Ana de Bettencourt-Dias of the University of Nevada Reno served as Program Chair for this year’s conference.
Lynda Soderholm, senior chemist at Argonne National Lab, conducts research at the Advanced Photon Source on the aqueous reactivity and transport of lanthanides and actinides in natural systems. Using high-energy x-ray scattering (HEXS) in combination with solvent extraction experiments, she can probe the chemical form, or species, that are present in solution. This type of work is essential to the development of better technology in waste management and separations, yet some projects still fall into the dreaded “Valley of Death” – where great ideas go to die, unfunded, because they are neither pure science nor quite ready to be patented and commercialized. US Department of Energy’s Mary Neu, formerly of Los Alamos National Lab, indicated that the most pressing issue for environmental remediation remains the clean up of our nuclear weapons legacy.
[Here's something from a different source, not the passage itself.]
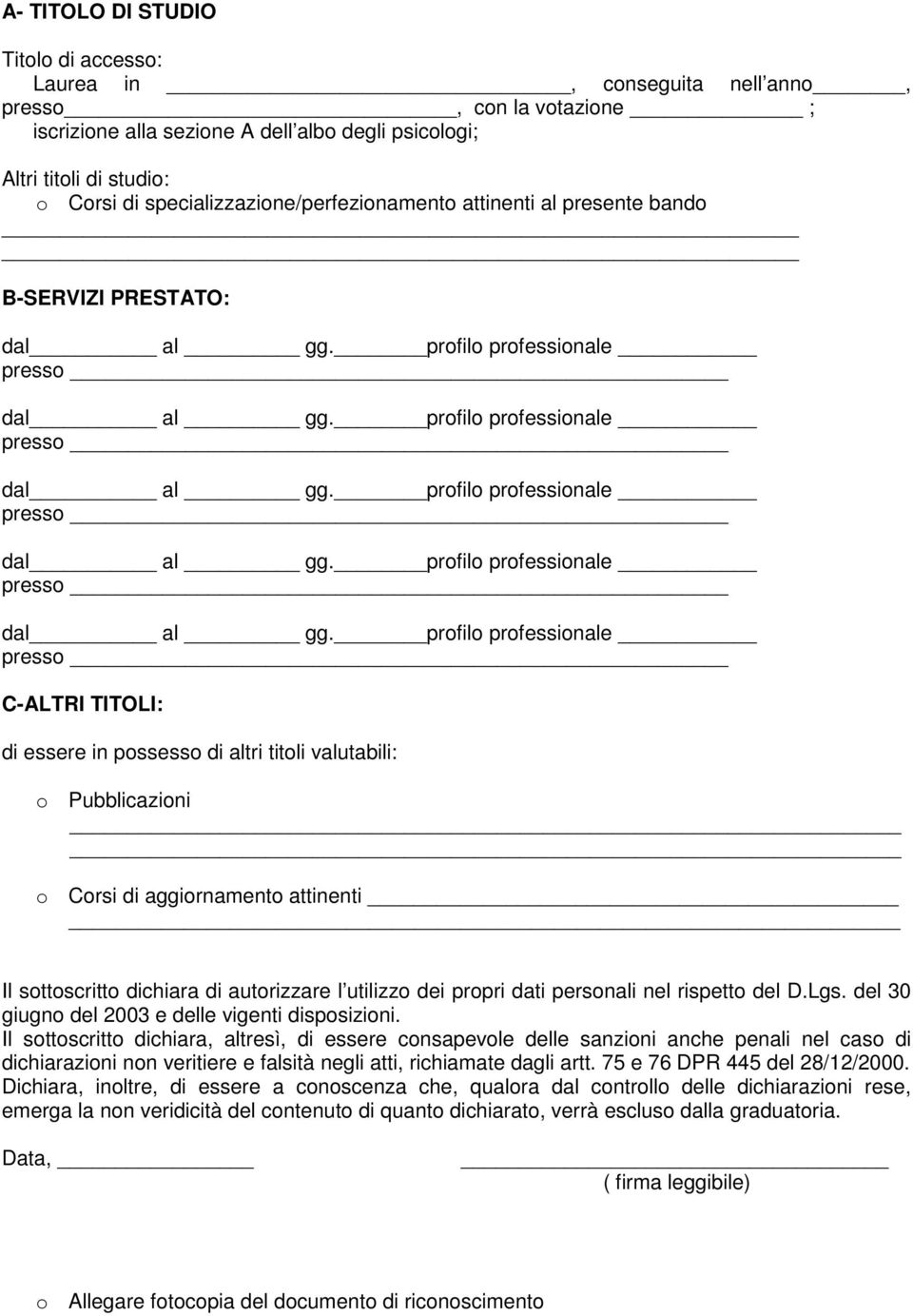 Il sottoscritto dichiara di autorizzare l utilizzo dei propri dati personali nel rispetto del D.Lgs. del 30 giugno del 2003 e delle vigenti disposizioni.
In the realm of the powerfully small, Vanderbilt’s James Dickerson has been observing exciting magnetic behavior from his lead europium sulfide and europium telluride nanocrystals. The crystals, some on the order of 2 nm in diameter, are applicable in dilute magnetic semiconductors because they can form a completely miscible alloy system with tunable energy band gaps over a wide range. Dickerson has conducted this type of research at Vanderbilt for seven years with eight undergraduate, graduate and post doctoral researchers under his wing. In his lab, students learn not only how to synthesize and characterize these tiny crystals, but also to organize them into a functional monolayer using electrophoretic deposition, or EPD. With this skill set and a willingness to apply it to novel problems, his materials science and physics graduates are well trained for many positions within the rare earth industry.
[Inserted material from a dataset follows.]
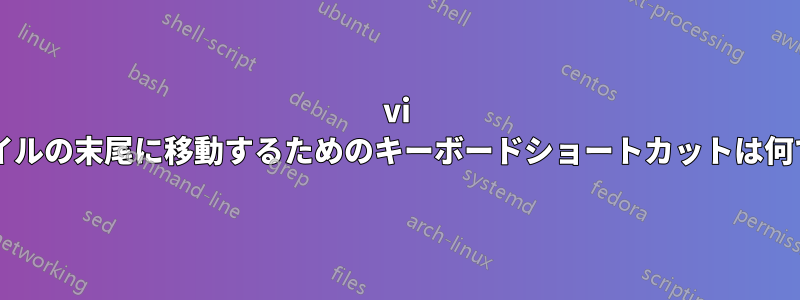 vi でファイルの末尾に移動するためのキーボードショートカットは何ですか?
So how can industry capitalize on this talent? How might we improve the collaboration between the highly cited rare earth chemist and the highly qualified operations manager? Is it possible for industry to take a cue from the academics that rely on each other to improve their science? Time will tell, but the state of rare earth science and research suggests that we may already possess the capacity to solve some of industry’s most pressing problems.